Air Conditioning: A Form of Gender Discrimination?
How might environmentalists try to hang their hats on ending gender discrimination?
- I call upon women to band together in a campaign for air conditioning equality.
- Men chuckle when we women plead with them to turn down the air conditioning.
- Men might acquiesce to our request more readily if they realized that increasing temperatures would expose more skin.
- Raising the room temperature is not a zero-sum game.
- The first campaign women launched upon entering the working world was the installation of women's restrooms.
- It is time for women to have the right to not be extremely uncomfortable.
When one looks back to America’s social upheavals of the 1960s and 1970s, two of the chief legacies are an emphasis on environmental protection and the promotion of gender equality.
Alas, a visit to any American suburb reveals that the former has had little effect on our daily lives. Homes abound in endlessly proliferating appliances and electronic devices, while SUVs fill the streets. Energy consumption per capita in the United States has increased by about a quarter since 1973.
However, in contrast to the conservation campaign, the women’s movement has transformed the American lifestyle. From the economy to family life, the belief that women deserve to be treated in the same way as men has been revolutionary.
When attempting to alter particular habits and achieve their goals, therefore, environmentalists might try to hang their hats on the goal of ending gender discrimination.
I therefore make this plea: Please turn down the air conditioner — because we ladies are freezing.
In office buildings, movie theaters and supermarkets across the United States, we women huddle, shivering, clutching woolen cardigans and shawls over our light frocks.
Summer is supposed to be our respite from the cold, but to those of us who spend the vast majority of our time indoors, warm weather merely brings a different sort of chill. That chill, of course, carries a greater sting than low winter temperatures because in the summer, the cold is somebody’s fault.

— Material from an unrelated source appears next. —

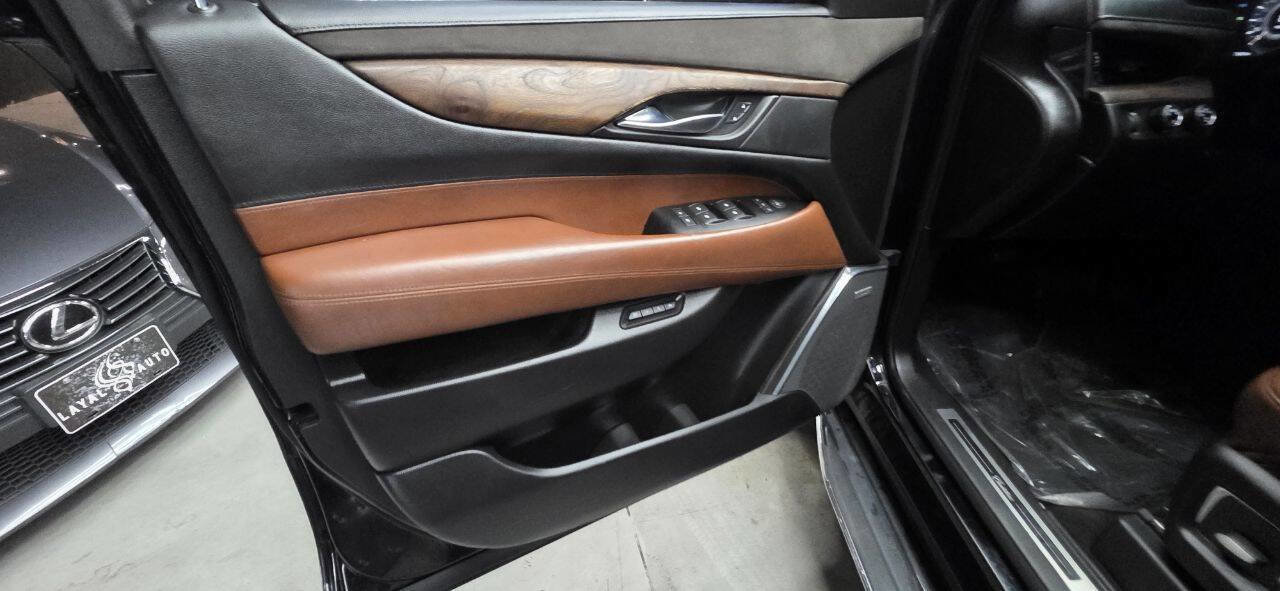 Used 2016 Cadillac Escalade Luxury image 23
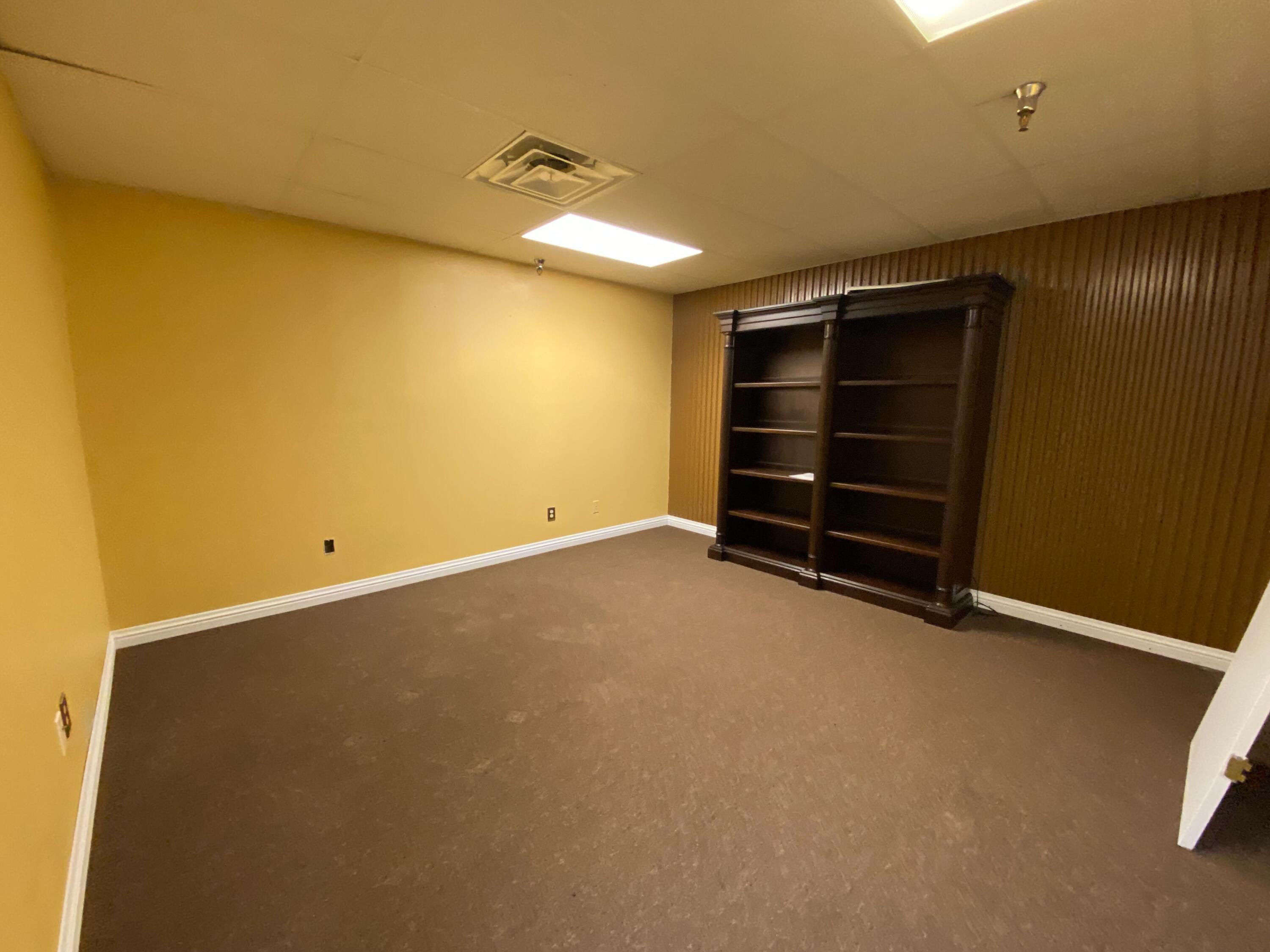 3411 North Rangeline Road Property Photo 17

The reasons women find air conditioning more punishing than men do should be obvious, but for the sake of thoroughness: Men’s bodies are often thicker than women’s and have more padding, scientifically speaking, to warm them — and men generally are expected to wear more clothes than women in offices or other formal settings.
These two factors converge in a third — men sweat more than women. To protect their dress shirts from sweat stains, men then don an additional undershirt, making them even warmer and requiring yet more air conditioning.
While gallant men leap to spare women the joule of energy they would need to pull open a door, they chuckle teasingly when we plead with them to turn down the air conditioning. They delight in this evidence of our relative fragility and femininity.
Though men rush to pet us or attend to us in our weakness — and, if we caught a cold from the freezing conditions, they would anxiously inquire after us and convey their heartiest best wishes — they seem unwilling to fix the cause of our discomfort by returning the room to a normal temperature.
I therefore call upon women to band together in a campaign for air conditioning equality. Let’s call ourselves “The 76’ers,” (as in Fahrenheit, equals to a preferred room temperature of 24 degree celsius) This would properly highlight our place in a long American tradition of civic activism such as the student revolution of “68-ers.”
The dairy industry might also want to lobby on our behalf. In supermarkets, most women can’t venture near the arctic yogurt aisle between June and August. Nor can we enjoy ice cream or frozen yogurt, summer’s classic treats.
What about incentives?
Men might acquiesce to our request more readily if they realized that increasing temperatures would expose more skin.
To succeed, women would first need to conscript those women who defiantly soldier forward in sundresses, refusing to forfeit their summertime right to exhibit their tanned limbs, no matter how goose-pimpled.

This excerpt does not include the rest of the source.